It’s a long way from segregation to space, but it’s not impossible.

Joseph Lee talks to veteran astronaut Charlie Bolden

Ehen charles Bolden was growing up in South Carolina, segregation laws meant he could not travel in the same trams as white people. By the time he was 40, he was travelling in the space shuttle, looking down on Earth from 200 miles away.

During eight years as an astronaut, he logged over 680 hours in space, helped to deploy the Hubble space telescope and commanded the first joint shuttle mission with Russia after the cold war.

Students at Newham College, in east London, the most ethnically diverse part of Britain, heard his story this week as part of efforts by the International Space School Education Trust to spark interest in science and engineering.

Major General Bolden (retired), a science graduate who was a US Marine and Navy test pilot before joining Nasa, said: “I think people are trying to help minorities in education. But we’ve got to face up to engaging families, engaging parents. Until a kid knows he can’t get away with having cursed the teacher, they’re never going to learn. The education system can’t do it all by itself.

“Lots of parents themselves lack education. But most parents want to do the right thing. They just haven’t been taught to feel like they’re part of the solution.”
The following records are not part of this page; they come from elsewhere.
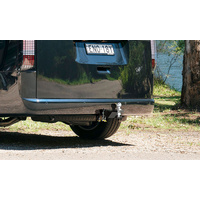 Hyundai Staria Towbar Kit - Towbar, Tow ball & Wiring Harness - MY2022 image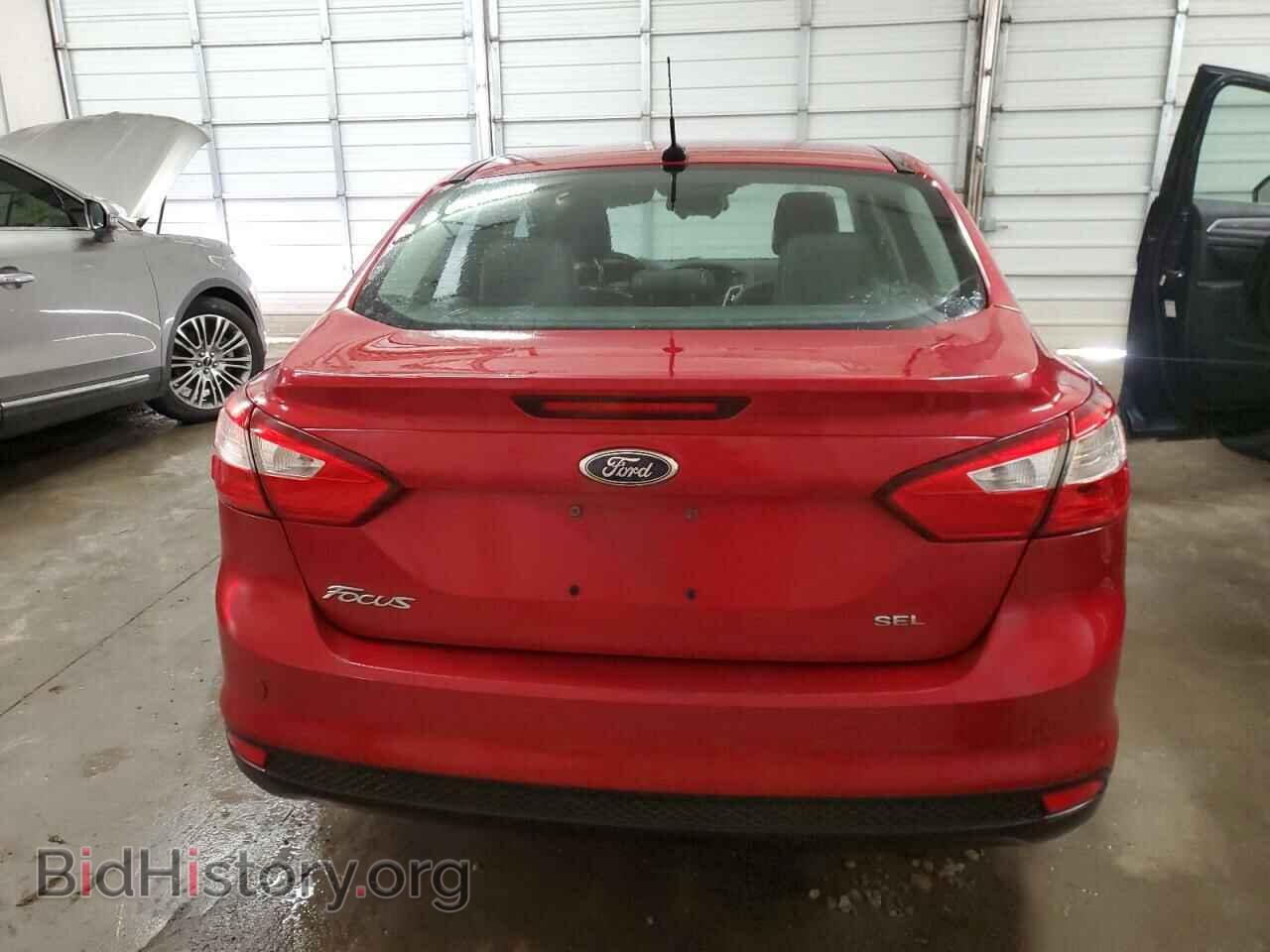2012 FORD FOCUS - VIN: 1FAHP3H23CL249438 - Фото 6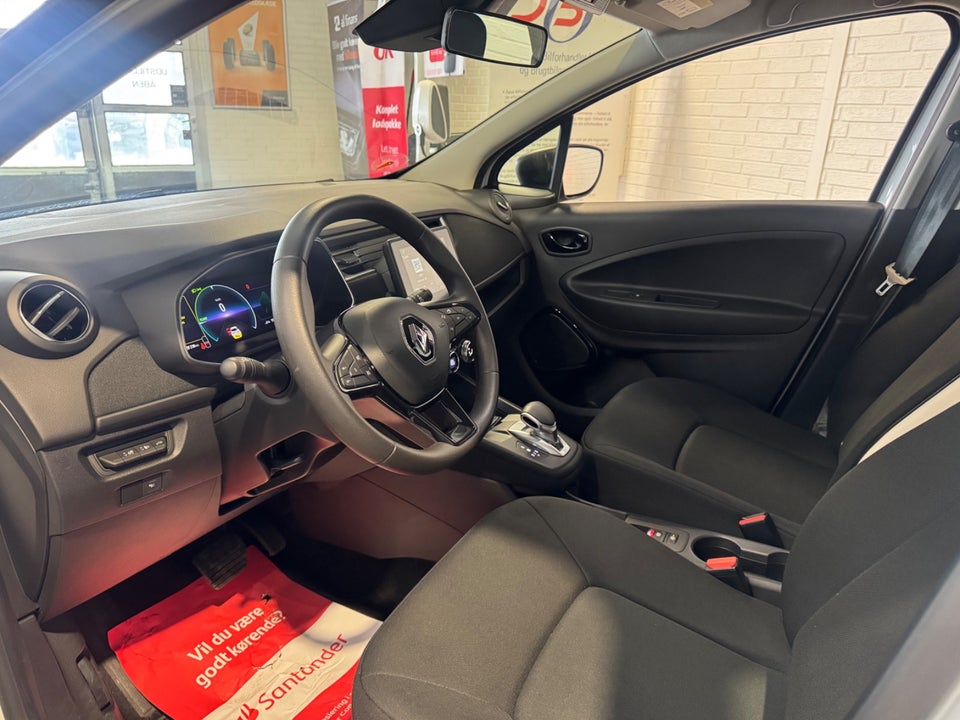 Renault Zoe 52 Go! 5d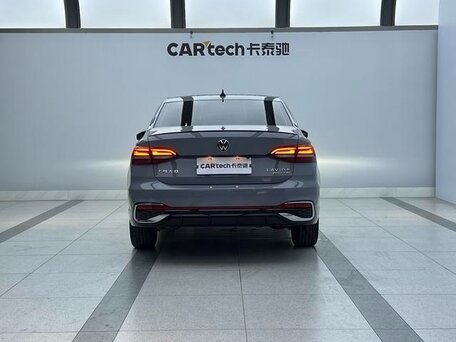 2022 Volkswagen Lavida III Рестайлинг, серый, 1318000 рублей, вид 4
Major General Bolden, 60, was the son of a school teacher and a librarian.

He attributes his success to their strict discipline.

“They were watching me all day, every day. If I got into trouble at school, I was in trouble at home,” he said.

He recalled one time when he talked back to a teacher. It earned him a double dose of corporal punishment from his father: once at school in the guise of teacher and again when he got home. “I never did that again,” he said.

His parents were inspirational as well as being disciplinarians, he said.

“There was still segregation in the South. There are all kinds of reasons not to do things, but my parents never let me believe that. I was constantly encouraged: they always said if you want to do it, you can get there.”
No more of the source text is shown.